== Given material ==
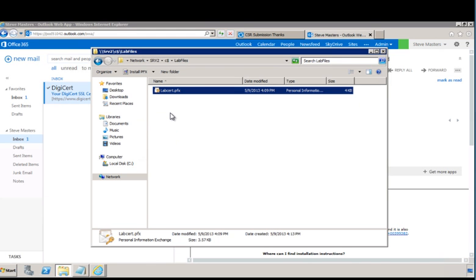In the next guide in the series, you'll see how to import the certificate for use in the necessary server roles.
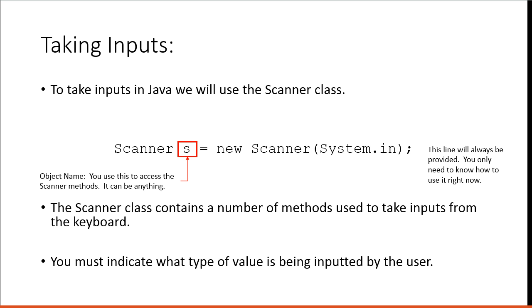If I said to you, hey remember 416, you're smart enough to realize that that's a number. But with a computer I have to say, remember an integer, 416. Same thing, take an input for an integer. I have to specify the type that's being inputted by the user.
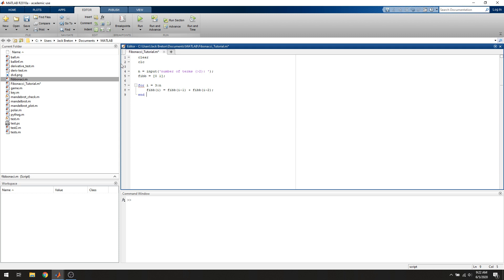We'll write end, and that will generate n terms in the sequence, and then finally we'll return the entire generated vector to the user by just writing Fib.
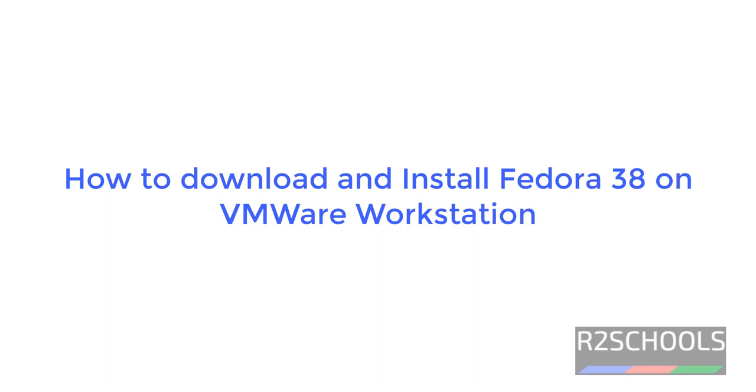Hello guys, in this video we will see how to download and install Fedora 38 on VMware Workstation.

== Task goal ==
Quote the material in full and exactly; do not carry over its pictures.

== Your solution ==
In the next guide in the series, you'll see how to import the certificate for use in the necessary server roles.
If I said to you, hey remember 416, you're smart enough to realize that that's a number. But with a computer I have to say, remember an integer, 416. Same thing, take an input for an integer. I have to specify the type that's being inputted by the user.
We'll write end, and that will generate n terms in the sequence, and then finally we'll return the entire generated vector to the user by just writing Fib.
Hello guys, in this video we will see how to download and install Fedora 38 on VMware Workstation.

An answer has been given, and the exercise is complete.